Collins had a lo-fi drum pattern accompaniment to help guide his vocal.
“I'm not quite sure what the song is about,” he told Andy Greene of Rolling Stone in 2016, “but there's a lot of anger, a lot of despair and a lot of frustration.”
The one element that really marked out In The Air Tonight as different was Collins’ decision to eliminate cymbals on the drumming and focus on a tom-centric style.
He got the idea from Peter Gabriel, one year earlier, after playing on Gabriel’s third solo album, known as Melt.
Gabriel had asked the two drummers on the album, Collins and Jerry Marotta, to leave their cymbals, including the hi-hats, at home.
Gabriel reportedly did this to challenge the drummers and force them to be more creative. This echoed his belief that limiting creative freedom can actually lead to more innovative results.
As a result, the ‘Melt’ album stood out for its distinct sound, a more transparent and space-filled sound due to the absence of cymbals.
When Collins started work on In The Air Tonight, he incorporated tom-centric drumming into the track.
Collins also used a Roland CR-78 drum machine, its ‘Disco-2’ pattern and some programming as the foundation for the new song.
Sonically, the song features a series of ominous chords played on a Sequential Circuits Prophet-5 over the drum machine pattern at 96 bpm.
Written in D minor, the track also features processed electric guitar sounds and a vocoder effect on key words of the lyrics that have a dynamic impact on the song’s atmosphere.
But the sound that is arguably the song’s defining feature is the gated reverb on the drums, a sound that Collins had discovered while working on Gabriel’s album.
Hugh Padgham was the co-producer of In The Air Tonight and the whole Face Value album, recorded at Townhouse Studio in London’s Shepherd’s Bush.
In 2020, Padgham told Stuart Williams of MusicRadar that the gated reverb sound was discovered by Collins when he was playing on Intruder, the opening track on Gabriel’s album.
“Phil was a guest player on the album and he was mucking around with a drum sound,” said Padgham.
“The Solid State Logic console was quite new then, and it had a compressor/noise gate on every single channel. [Before] you had external compressors or external noise gates, but you had to patch them in, whereas with the SSL it was in every single channel. All you had to do was press a button and it was on.”
Padgham went on to explain that the whole essence of the sound is the compression, which results in an extremely fat sound.
“Then, the second that there is a lull in the sound, the gate just shuts it off,” he explained. “The drums were in a very live room. When you compress a sound in a live room it brings up all the background noise and the echo in a room.
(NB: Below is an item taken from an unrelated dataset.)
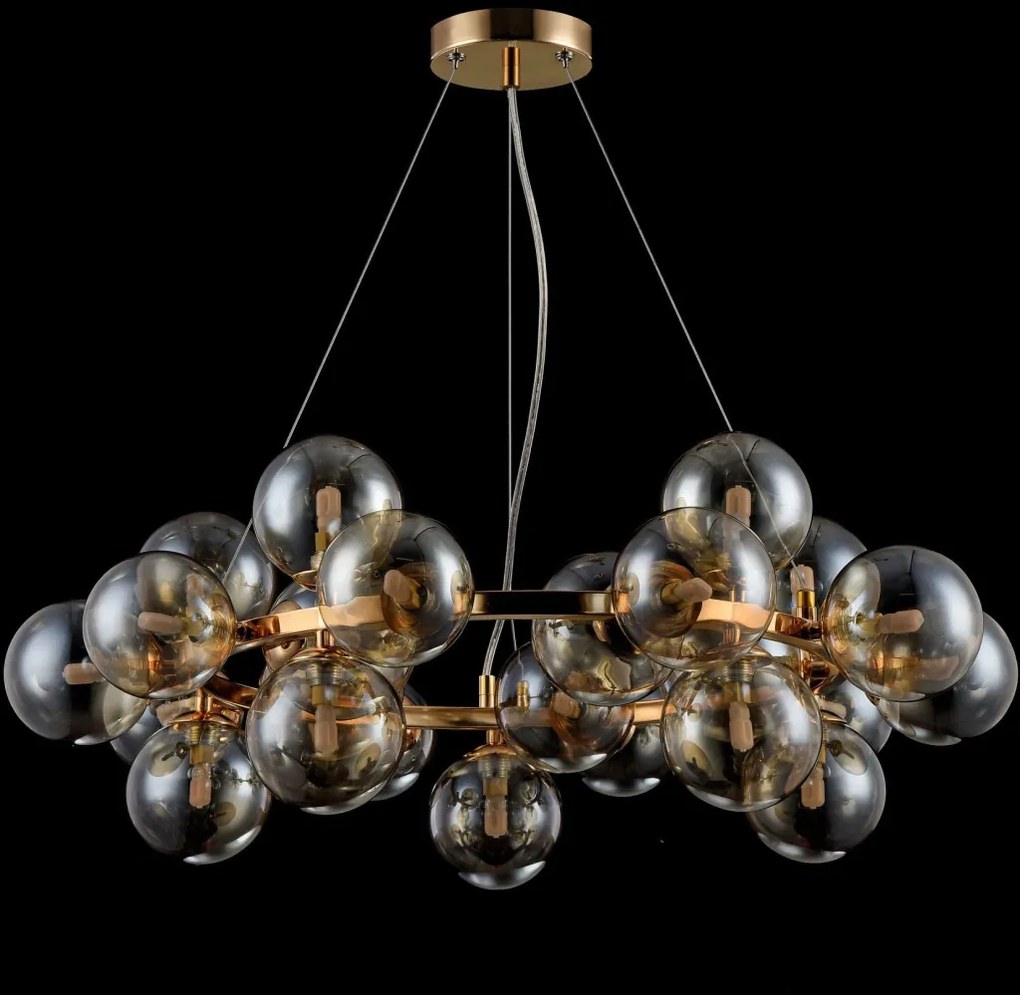 Maytoni DALLAS MOD548PL-25G Függőlámpa 25xG9/28W IP20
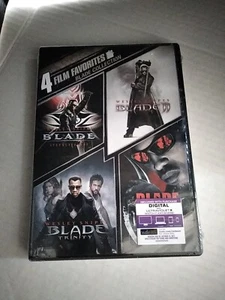 Marvel Blade 4 Flim Collection 🆕 - Imagen 1 de 2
“Therefore, when you go from something sounding big to nothing, you get this feeling of massive contrast. That is the whole essence of why the sound was so interesting because it is going from all to nothing in milliseconds.”
Much of the power of In The Air Tonight stems from its slow-building atmosphere.
There’s a sparseness to the sound, yet it’s the vocal hook “I can feel it coming in the air tonight” that holds the listener’s attention.
As a piece by writer Luke Edwards on the Dig! music website in January 2023 put it: “In The Air Tonight’s memorable vocal hook proves indelibly captivating… building a weight of unbearable anticipation before its earth-shattering drum break.”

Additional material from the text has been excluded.